Problem —
Transcribe all records exactly.

Working data —
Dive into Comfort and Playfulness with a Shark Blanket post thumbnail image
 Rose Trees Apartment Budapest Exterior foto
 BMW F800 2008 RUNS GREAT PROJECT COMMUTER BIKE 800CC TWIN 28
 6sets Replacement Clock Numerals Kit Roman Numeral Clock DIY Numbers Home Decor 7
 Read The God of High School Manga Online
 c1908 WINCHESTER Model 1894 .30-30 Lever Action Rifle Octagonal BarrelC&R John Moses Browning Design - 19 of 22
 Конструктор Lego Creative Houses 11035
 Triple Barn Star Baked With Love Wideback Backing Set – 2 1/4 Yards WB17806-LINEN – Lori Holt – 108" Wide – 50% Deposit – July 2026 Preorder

Exercise solution —
Dive into Comfort and Playfulness with a Shark Blanket post thumbnail image
 Rose Trees Apartment Budapest Exterior foto
 BMW F800 2008 RUNS GREAT PROJECT COMMUTER BIKE 800CC TWIN 28
 6sets Replacement Clock Numerals Kit Roman Numeral Clock DIY Numbers Home Decor 7
 Read The God of High School Manga Online
 c1908 WINCHESTER Model 1894 .30-30 Lever Action Rifle Octagonal BarrelC&R John Moses Browning Design - 19 of 22
 Конструктор Lego Creative Houses 11035
 Triple Barn Star Baked With Love Wideback Backing Set – 2 1/4 Yards WB17806-LINEN – Lori Holt – 108" Wide – 50% Deposit – July 2026 Preorder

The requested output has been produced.